Santa Rita has an old freemasonry fraternity, called Loja Caridade Sul Mineira.

According to the last estimate (2020), it has a population of 43,753 people.

The town holds the Festa de Santa Rita every year in May, which attracts people to the town.

Carnival (Carnaval) in Santa Rita is also a very celebrated party, traditionally "Bloco do Ride Palhaço" and "Bloco dos Democráticos" are the major street amusement, and for the young adults there is Bloco do Urso, which brings thousands of young people each year to the city in February.

In July 2012, Santa Rita do Sapucaí became the first jurisdiction in Minas Gerais to adopt same-sex marriage, and the first municipality in Brazil to individually legalize it. (See: Same-sex marriage in Brazil).

==History==
Santa Rita do Sapucaí is a municipality in the southern region of Minas Gerais state (MG) in Brazil. Traditionally, the foundation date of Santa Rita, short name for the city, is considered to be 1825-05-22, when the first mass was held in the chapel built on orders of Dona Genoveva Maria Martins da Fonseca, honoring a promise made by her late husband Manoel José da Fonseca. The Fonseca family arrived in the region in the early 19th century and is considered the founding family of Santa Rita do Sapucaí.

==Geography==

Santa Rita is located in a privileged site, a few hundred kilometers away from the states of Rio de Janeiro and São Paulo, in one of Minas Gerais' richest regions. It dwells between mountains and has a pleasant weather, with mild and dry winters, warm and dry springs, warm and wet summers and mild and wet autumns as typical of historically Atlantic Forest-covered Southeastern Brazil, throughout the year. It is warmer than São Paulo, but colder than Rio de Janeiro, Volta Redonda, Juiz de Fora and Belo Horizonte (Brazilians call the climate of the town tropical de altitude, which means it is kind of subtropical for such low latitude).

The municipality contains the 305 ha Santa Rita Biological Reserve, a strictly protected conservation unit created in 1980.

==Economy==

Although located in a rich coffee-growing region, Santa Rita is known for its high technology industries, being home to one of Brazil's foremost electronic, telecommunications and computer engineering colleges, INATEL - Instituto Nacional de Telecomunicações, which was founded in 1965.

As to the Escola Técnica de Eletrônica "Francisco Moreira da Costa" , the first electronic technical school of Latin América, it was founded in 1959 by lady Sinha Moreira. The city possesses today more than 110 companies of technological bases.

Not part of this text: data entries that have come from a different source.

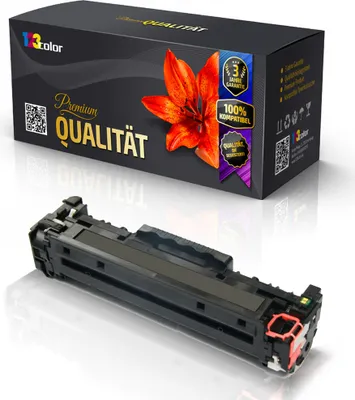 Produktbild von Alternative Tonerkartusche für Canon I-Sensys MF728Cdw I-Sensys MF729Cdw I-Sensys MF729Cx EP718 CRG 718BK Schwarz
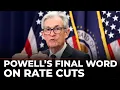 Download Lagu Jerome Powell Speech LIVE: Fed Chair’s Final Jackson Hole Verdict on Rate Cuts | Trump | US Markets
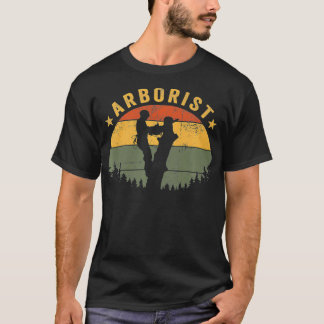  artillerist Cadeau voor de boomchirurgTree Clim T-shirt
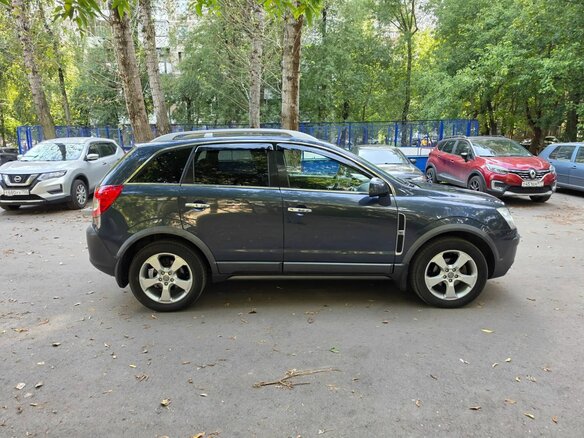 2008 Opel Antara I, серый, 1050000 рублей - вид 22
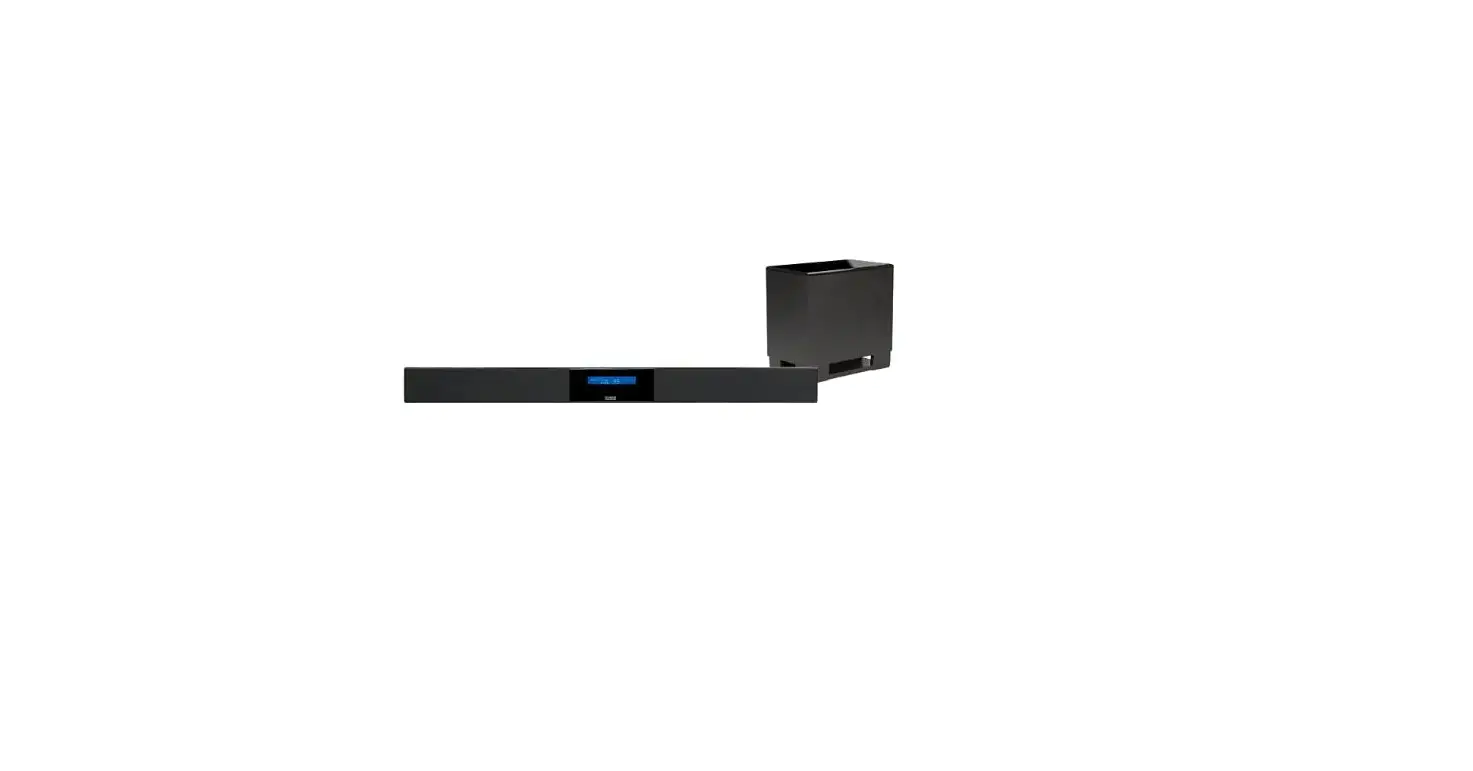 Pinnacle Front Row Sys 8210 Pwr Soundbar Speaker User Guide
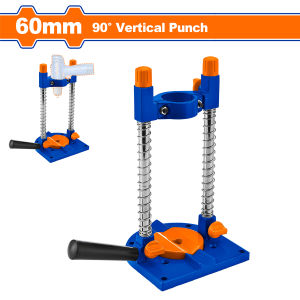 Wadfow 90° Aluminum Alloy Base and Body Impact Drill Stand Holder WADS2543 WAD-HT OSOS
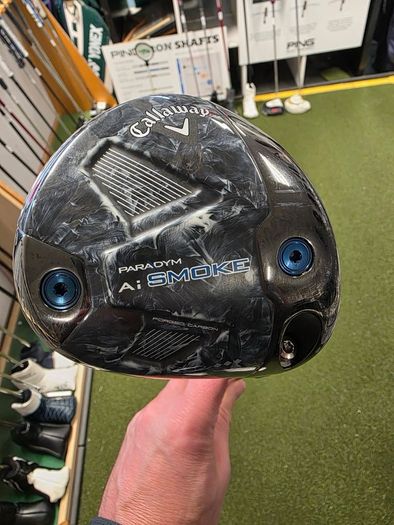 Callaway Ai Smoke Triple Diamond Driver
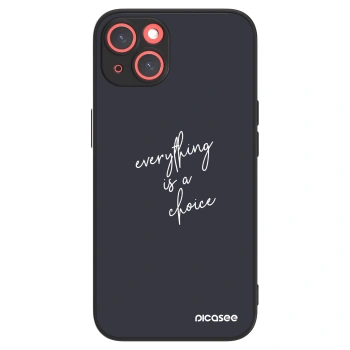 Picasee ULTIMATE CASE Apple iPhone 13 - készülékre - Everything is a choice
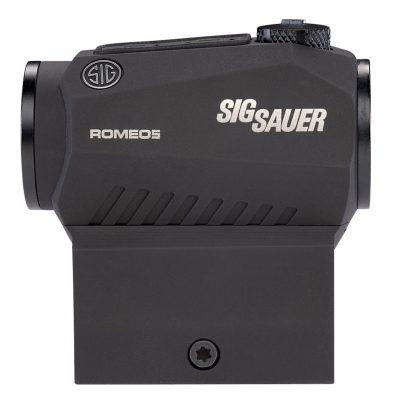 Sig Sauer Electro-Optics SOR52001 Romeo5  Black 1 x 20 mm 2 MOA Red Dot Reticle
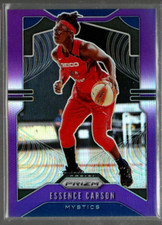 2020 Panini Prizm WNBA Prizms Purple #46 Essence Carson /125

Santa Rita uses prisoners to power street lamps in a local plaza. Inmates are offered the opportunity to shorten their sentences by pedaling a bike that is connected to a car battery, which then are used to power the lighting grid.

==Notable people==

- International soccer player Roque Júnior, who was in the Brazil's world champions squad of 2002, was born in Santa Rita. He also started in the local team, Santarritense.
- Olavo Bilac Pinto was president of Chamber of Deputies of Brazil in 1965 and an ambassador of Brazil in France from 1966 to 1970.
- Former Brazilian president Delfim Moreira (List of presidents of Brazil), although not being born in Santa Rita, spent much of his life there.
- Pedro Rodrigues Filho, a serial killer who claims to have made more than 100 victims, was born in Santa Rita at the Rio Sapucai shores.